Anyone who knows Mikel Welch will find it charmingly appropriate to hear how he found his apartment: “Believe it or not, I found it on Craigslist,” Welch says. The designer, who is currently hosting the buzzed about Murder House Flip on Quibi, actually got his start through the website: When he decided to switch careers to design, he began posting Craigslist listings. Now, years after Steve Harvey hired him and he found success on Trading Spaces, Murder House Flip, and more (including landing on House Beautiful’s Next Wave list) Welch hardly needs to head to the site to land gigs. But, he’s still a devoted scourer of listings, many of which have resulted in some of the most unique pieces in his apartment, which he has transformed from a blah space into a layered oasis that blends a serene palette with rich textures, references to travel, and, of course, a whole lot of DIY.
“My favorite place to go is the Hamptons,” says Welch. “I wanted my space to have a Sag Harbor cottage feel because you know we all have these crazy lives and I just wanted to come back home to something that felt like vacation.”
So, the design challenge: Bring Sag Harbor to Queens. “That was the jumping-off point,” says Welch. “How do I get my hands on the cottage in a New York City apartment?”
“I like to call myself the king of layers,” laughs Welch. While the phrase “layered interior” might call to mind much more maximalist spaces than Welch’s breezy home, the designer is adept at incorporating more subtle, textural elements that add warmth and interest without visual crowding.
This is also a way to incorporate elements from travel, which Welch loves. “I think for me, creating that collected look is all about telling a story,” he says. And often that can mean a healthy mix: In the entry, the designer paired a horse statue found at Pier 1 with African beads and vintage books and ceramics.
“The place was completely just white walls, and then it had this really awkwardly-positioned cutout in the middle of the living room,” laughs Welch. To avoid making structural changes, he found a solution that added character and improved the shape: Creating sliding barn doors to conceal the top corner of the triangle. He worked with a builder to make the doors out of discounted lumber.

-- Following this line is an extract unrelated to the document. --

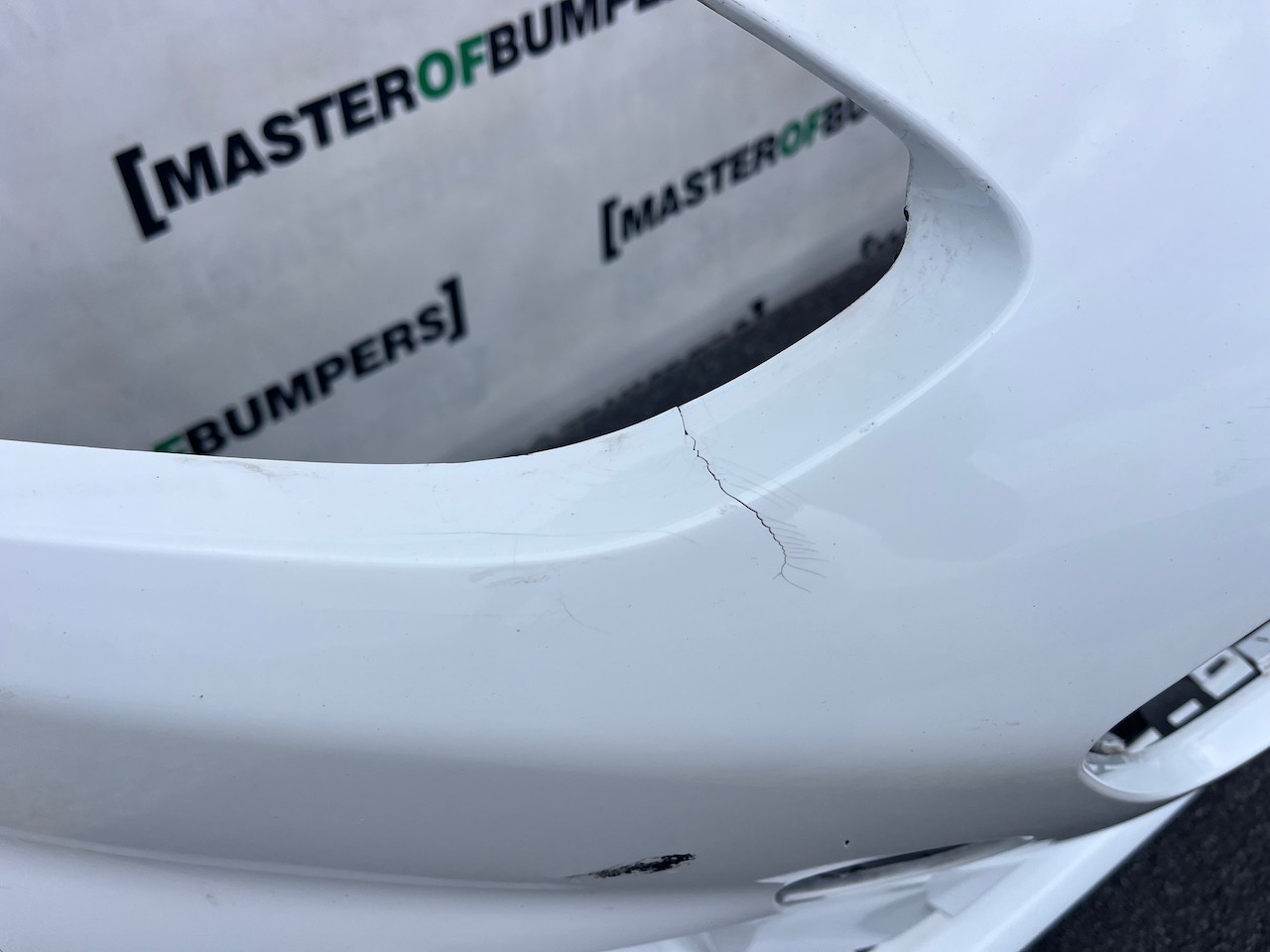 Ford Fiesta St Line Mk10 Hatchback 2017-2021 Front Bumper No Pdc Genuine [f857]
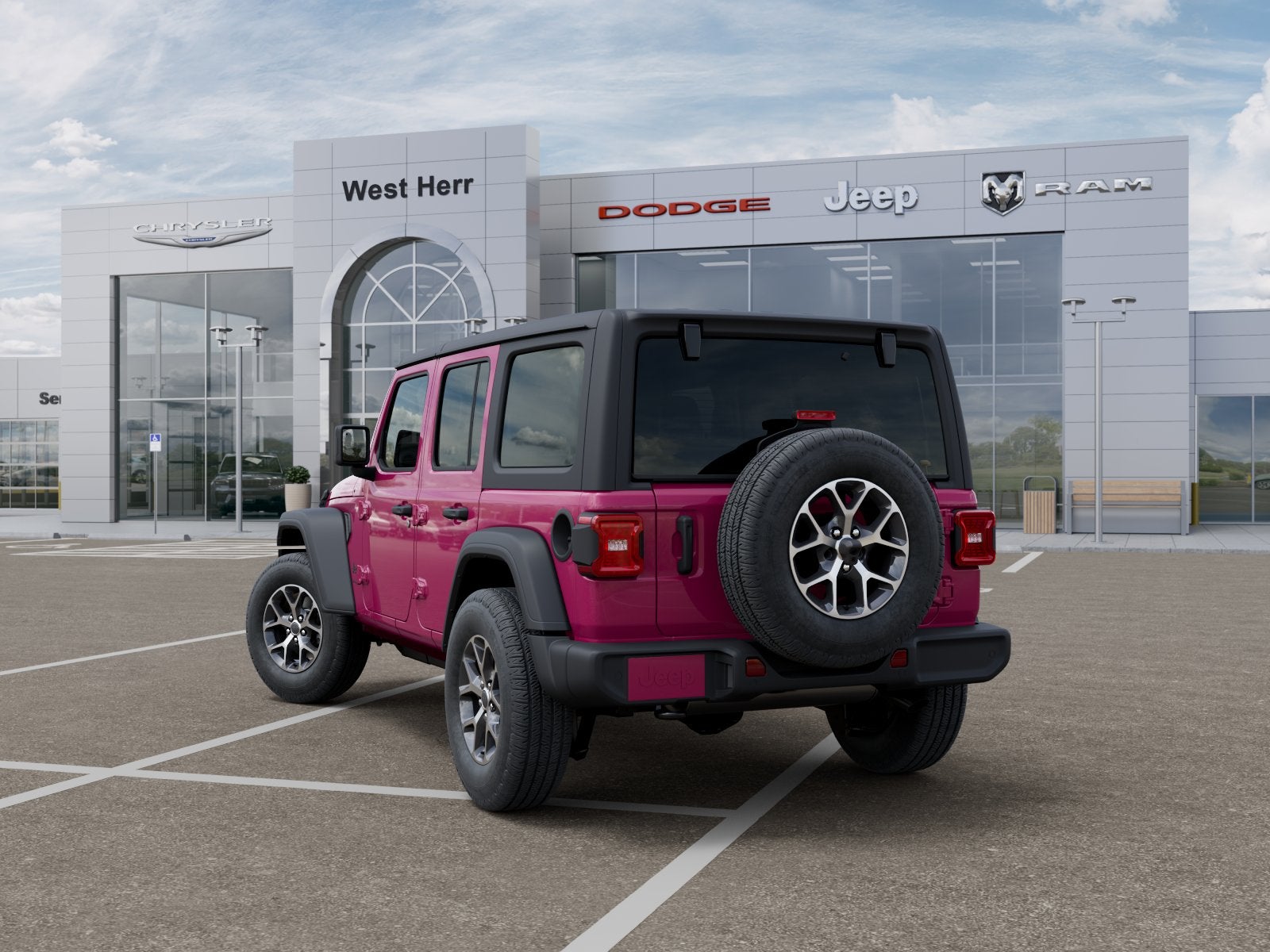 2026 Jeep Wrangler WRANGLER 4-DOOR SPORT S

Welch refers to his design style as “primitive modern,” a term that, for him, means blending the sleek simplicity of modernism with softer elements. “I want the modern, but I don’t want my place to be a cold, sterile box, so I have to pair it with things like, on my sofa, a beautiful slipcover in linen.”
The centerpiece in the dining room is a Chinese coconut fiber raincoat, which Welch bought on (gasp!) eBay (“I stepped away from Craigslist for that one,” he quips). “It was one of those iconic pieces that I just loved as soon as I saw it,” says the designer. Plus, it’s good proof that paintings aren’t the only kind of art you can hang on a wall—an idea echoed in the strings of antique African currency next to the window.
On the other side of the room is a painting by Amy Donaldson which, though it appears to be a more traditional style of art, is the result of a unique process of mixing paint, sand, and crustacean shells to stain a canvas.
Welch’s dining table came from—you guessed it!—Craigslist. “I was able to talk them down because it was beat up a bit with scratches, but I liked that look,” says Welch. Shaker-style chairs from World Market add interesting shape.
Another of Welch’s favorite DIYs is this bench, a versatile piece he’ll move from the dining area (when hosting large dinner parties) to the living area (when lounging alone). For Welch, the key to a good DIY is ensuring it can look like something that wasn’t handmade. “It’s about that balance,” he says. “I want something unique, but you know, I don’t want hot glue marks.”
To achieve this, Welch often enlists the help of professionals to help him carry out his projects—but still at a fraction of the cost of high-end bespoke items. In this case, he measured and had made a simple bench, then worked with his upholstery shop to design a cushioned top, which they manufactured to his specifications.
Don’t have your own “upholstery guy?” That’s ok, says Welch: “I’m a designer so I have my upholstery shop, but for the average reader, you can just go to your dry cleaner and have them make something,” he advises.
“That was my $100 hack,” says Welch of the luxe-looking canopy bed he created with some simple piping and curtains. “The rods came from Bed Bath & Beyond and I just put them in the ceiling and attached curtains to create the canopy.” It—plus the array of soft-colored pillows—adds coziness to the bed and provides a softness within the white-walled room.
Cozy, stylish, and thoughtfully-handmade—it’s all the best parts of Welch’s apartment.